Yesterday, for example, I walked from the Shenzhen Bay Checkpoint to my house on Shekou Industry #8 Street. I passed several hundred cross-border pre-schoolers and elementary students on their way home, another Shenzhen Bay development project (north on Dongbin Road), and a clean collection plastic container to collect clothing donations for poor and/or destitute areas of the interior (neidi). Globalized footsteps indeed. Each of these events represented individual and/or collective attempts to navigate and use international and domestic borders. We can speculate on why parents might send their young children on hour-long treks from Shenzhen to Hong Kong.

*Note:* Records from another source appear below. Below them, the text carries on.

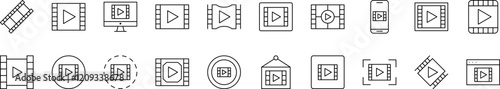 Video Tape Line Icon Set. Outline Signs for Graphic and Web Design, Apps, Adverts, Various Cards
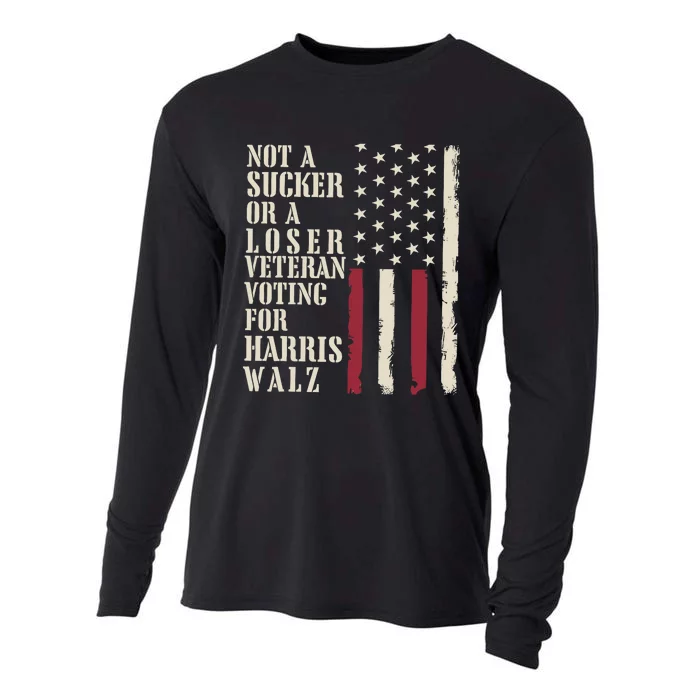 Not A Sucker Or A Loser Veterans Voting For Harris Walz 2024 Cooling Performance Long Sleeve Crew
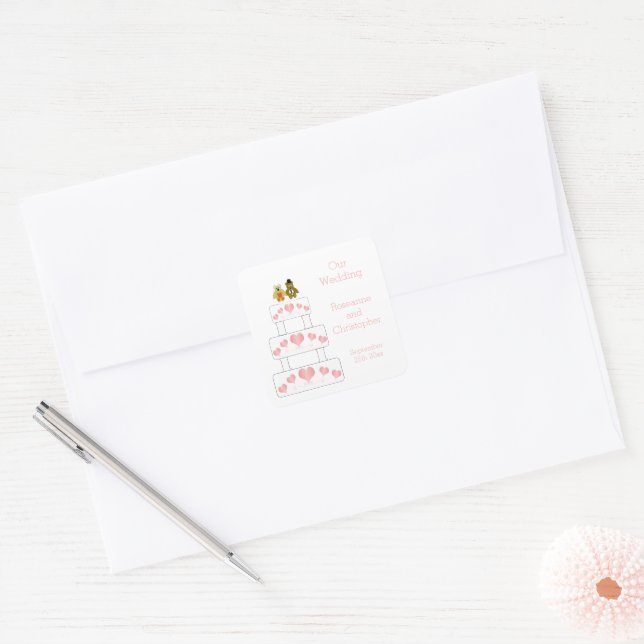 Wedding Cake Design Wedding Square Sticker (Envelope)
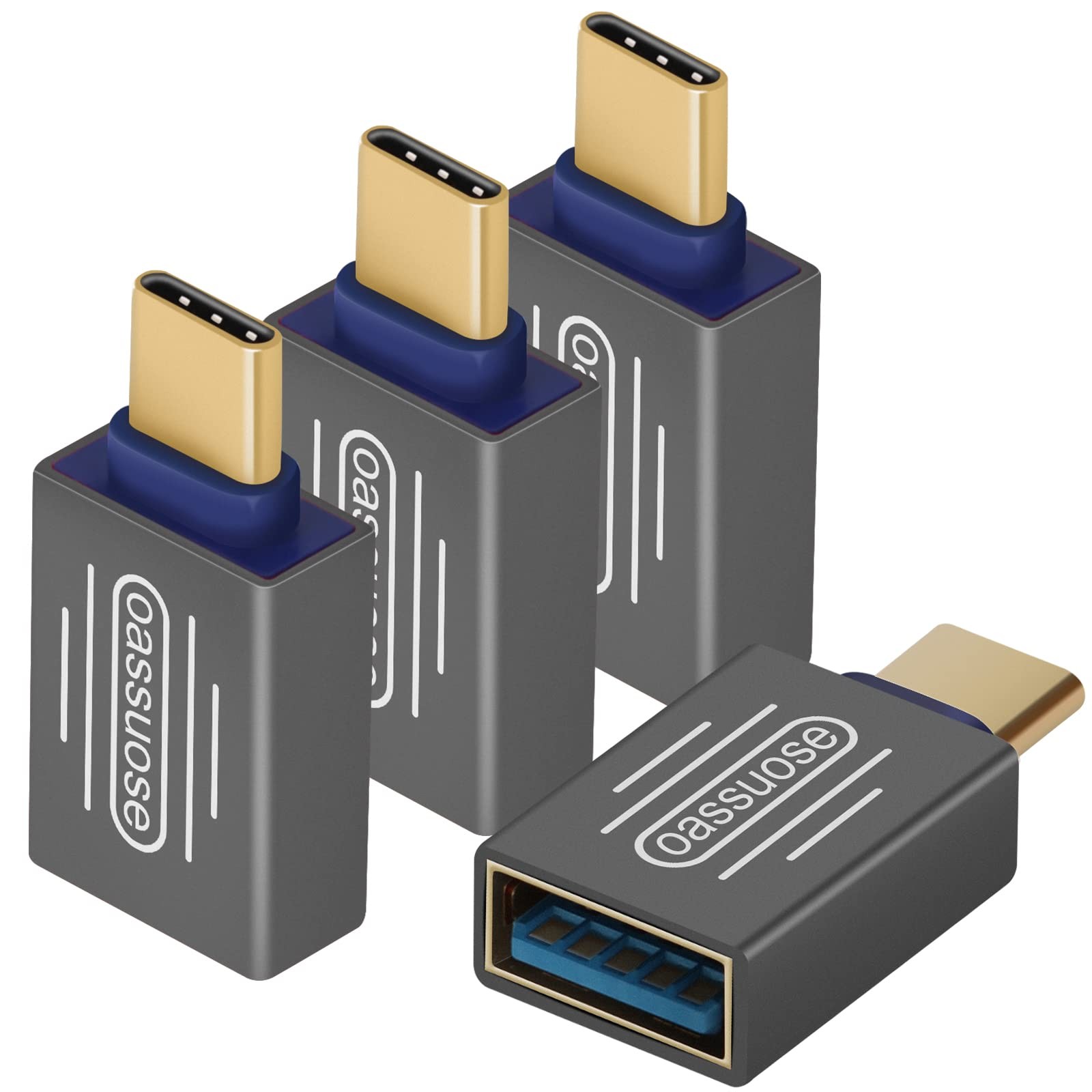 4-Pack Gold-Plated USB C to USB 3.0 Adapter, Type-C Male to Female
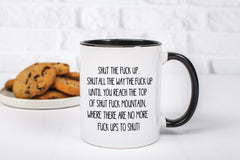 Back view of Shut The Fuck Up Swear Coffee Mug 11oz white ceramic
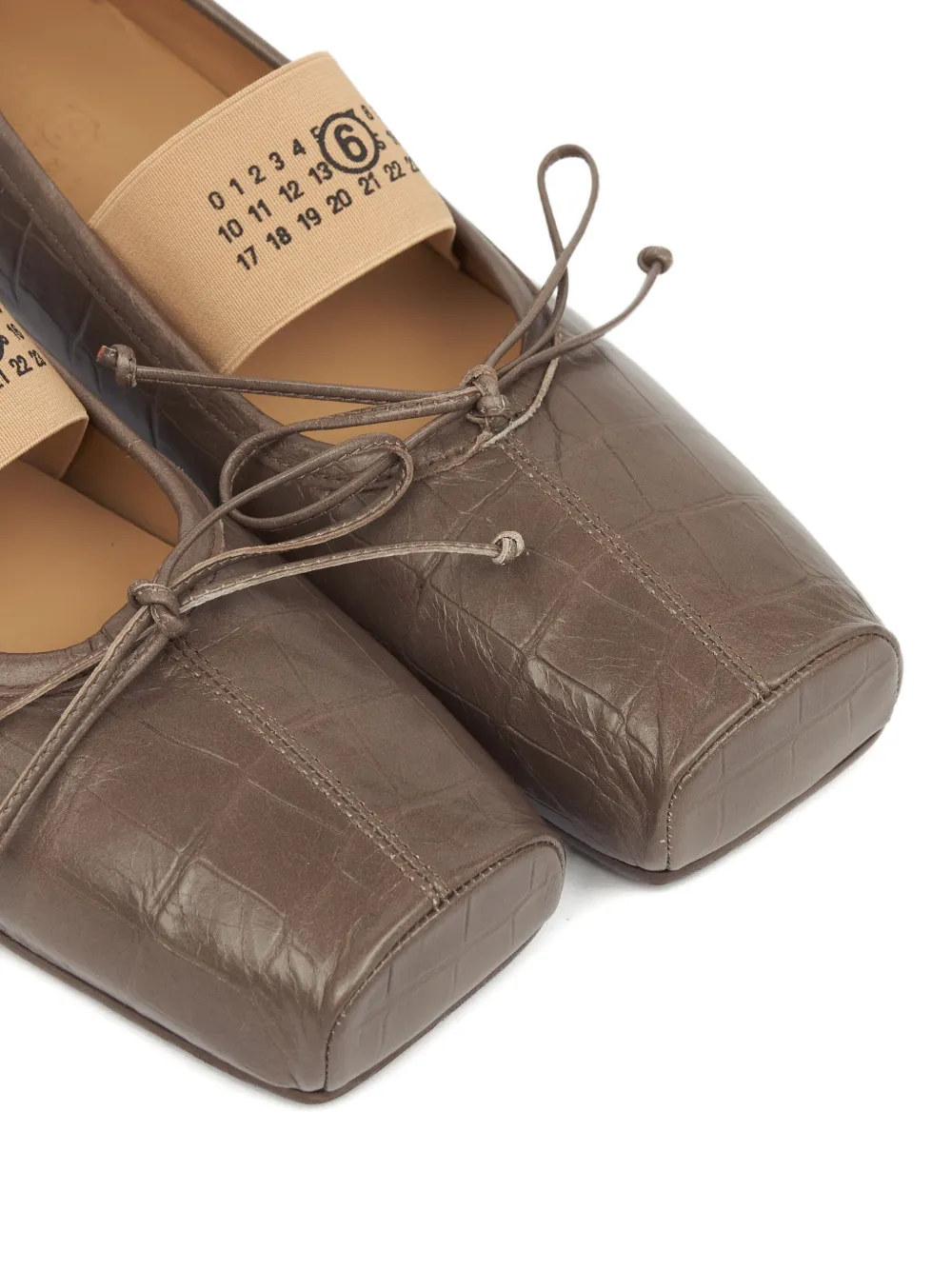 Mm6 Maison Margiela Crocodile-embossed Ballet Flats In Gray
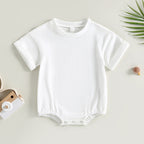 Lioraitiin 0-24M Baby Boys Girls Rompers Solid Short Sleeve O-neck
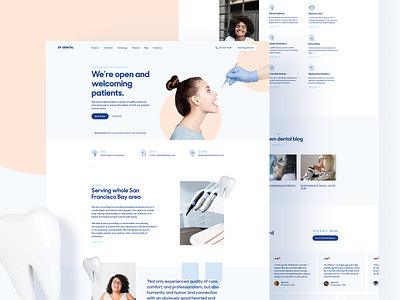 Thumbnail Desktop blue blue and white booking clean clinic dental dental care dental clinic dental website design dentist doctor flat homepage homepage ui hospital landingpage medical webdesign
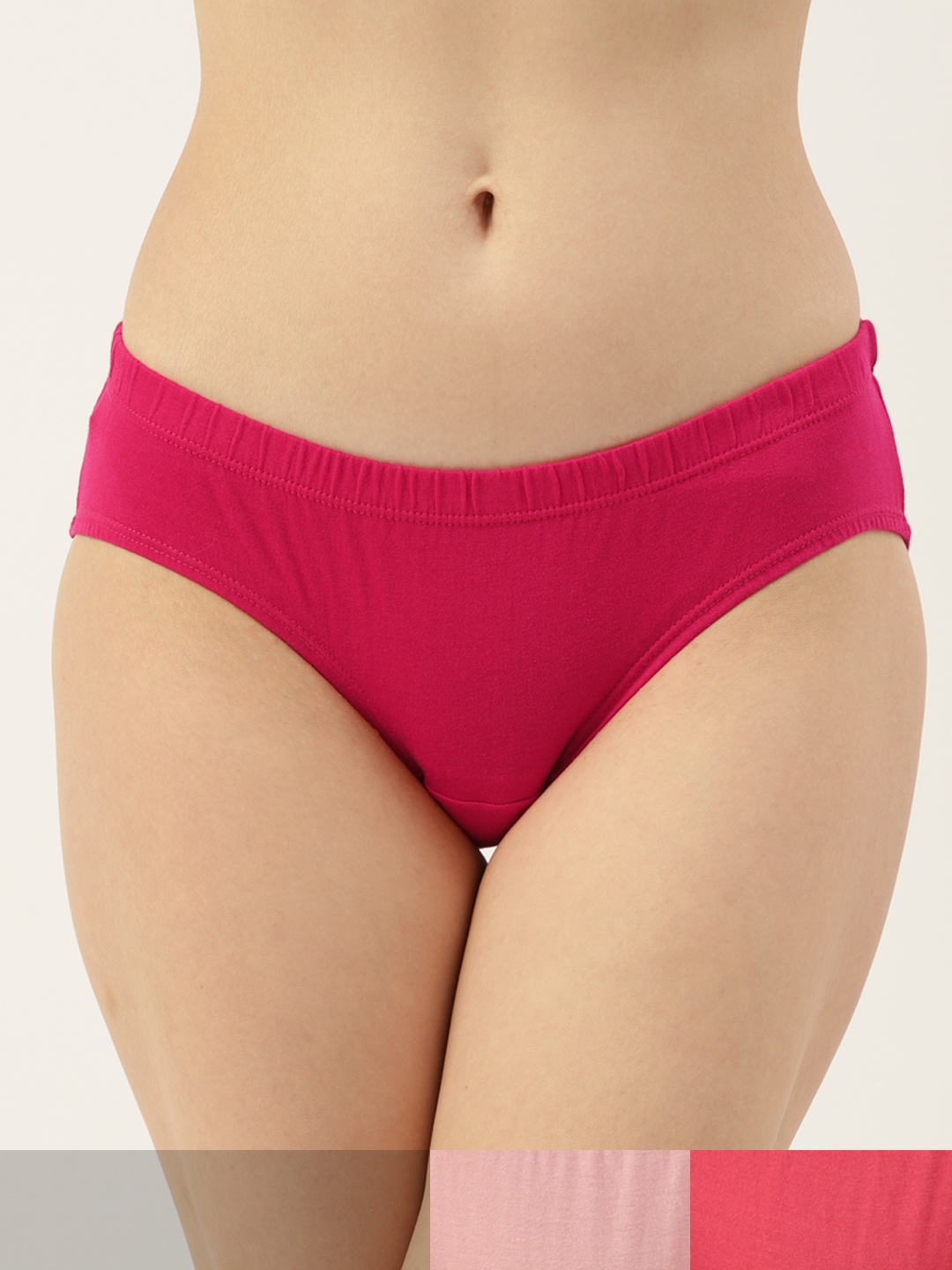 

Leading Lady Women Pack of 3 Solid Mid-Rise Hipster Briefs HIP-9031-3, Pink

We can provide Marxist analysis for land reclamation and real estate development in Shenzhen Bay. We can note the rise of philanthropy as Shenzhen’s middle class solidifies its self-identity as caring for neidi communities. But at every twist of thought, the totality of what the city might or might not be, slips away and we resort to chasing the next idea that bumps awareness.
The earth feels solid. The concrete reflects south Chinese heat. The tacky red heart symbolizes an actual desire to improve the world. There is a here and now that seems reliable, until we start thinking. And then, once again, a massive, unwieldy mess of global cogitation distorts the all too ordinary edges of everyday life and we suddenly suspect that life really might be elsewhere.